Most important, we need to amplify the voices of those on the ground, like Nof Atamna-Ismaeel, the first Muslim Arab to win Israel’s MasterChef, who is on a quest to bring Jews and Arabs together in Israel through food. There are thousands like her, from the Jerusalem Youth Chorus to the Polyphony Foundation, including the Israeli National Football Team, where half of the starters last year were Arab players, and the captain is a Circassian Muslim. As chef Atamna-Ismaeel states in her new documentary Breaking Bread, 90 percent of Arabs and Jews want to live and work together peacefully, but the international media covers only the 10 percent who foment hatred.

This is why CCFP encourages entertainers to go to Israel and see for themselves and why the BDS movement doesn’t want them going to Israel.
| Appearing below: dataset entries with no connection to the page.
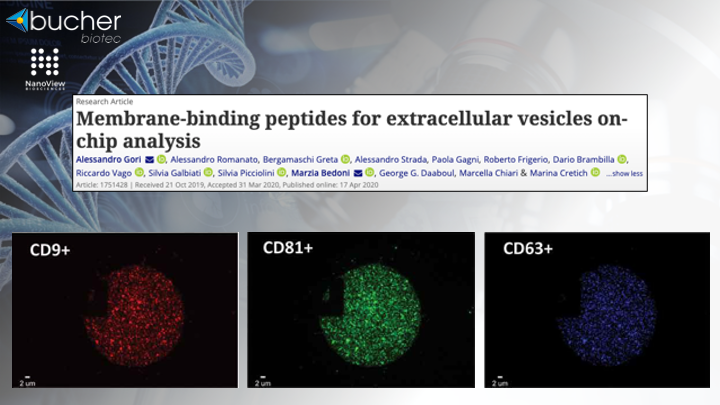 BucherBiotec's tweet photo. Excellent work by Alessandro Gori and his colleagues at @cnr_scitec using membrane binding peptides to capture #extracellular #vesicles on microarray chips for characterization with the #ExoView🔬👨🔬
Check it out: https://t.co/fOuypXquVh
#Scientists #Exosomes #Nanoview #forza https://t.co/iDsoqkoLgm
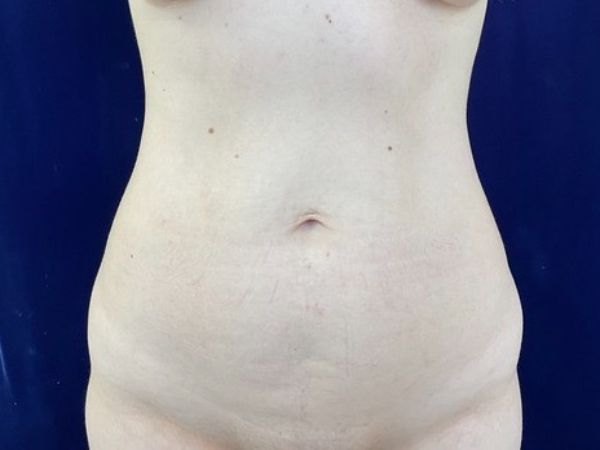 before liposuction front view female patient case 4048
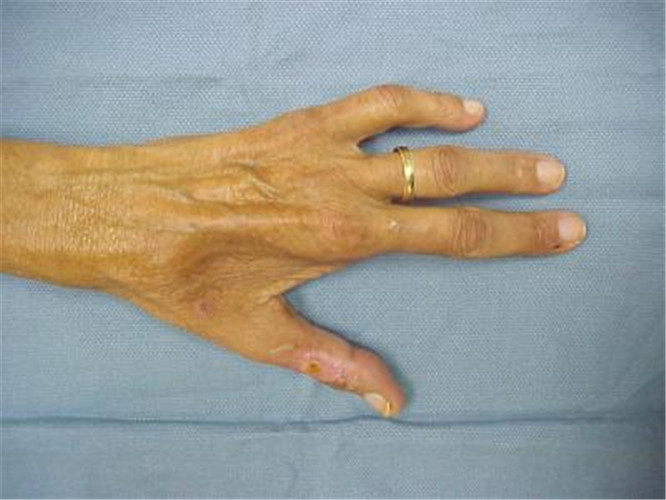 骨髓炎手部治疗图片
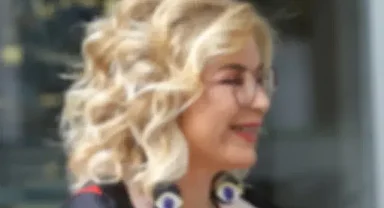 Dudak Dolgusu Ankara: Dolgun, Doğal Gülüşe Ulaşmanın Kolay Yolu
If Israel really were practicing apartheid, genocide, and ethnic cleansing, wouldn’t the anti-Zionists have wanted Demi Lovato to see that? No, they wanted to scare off any other celebrity like her from coming and seeing the truth, which doesn’t align with the absurd narrative they are pushing.

Homo homini lupus, Ze’ev Jabotinsky declared in his 1910 essay. Man to his fellow man is a wolf. One of the greatest Zionist leaders understood intersectionality back then, as he spoke out against anti-black racism in America and linked it to the struggles of the Jews and other persecuted minorities worldwide, such as the Kurds. Zionism has always been progressive.

So how do we take back the narrative? “Zionism is progressive.”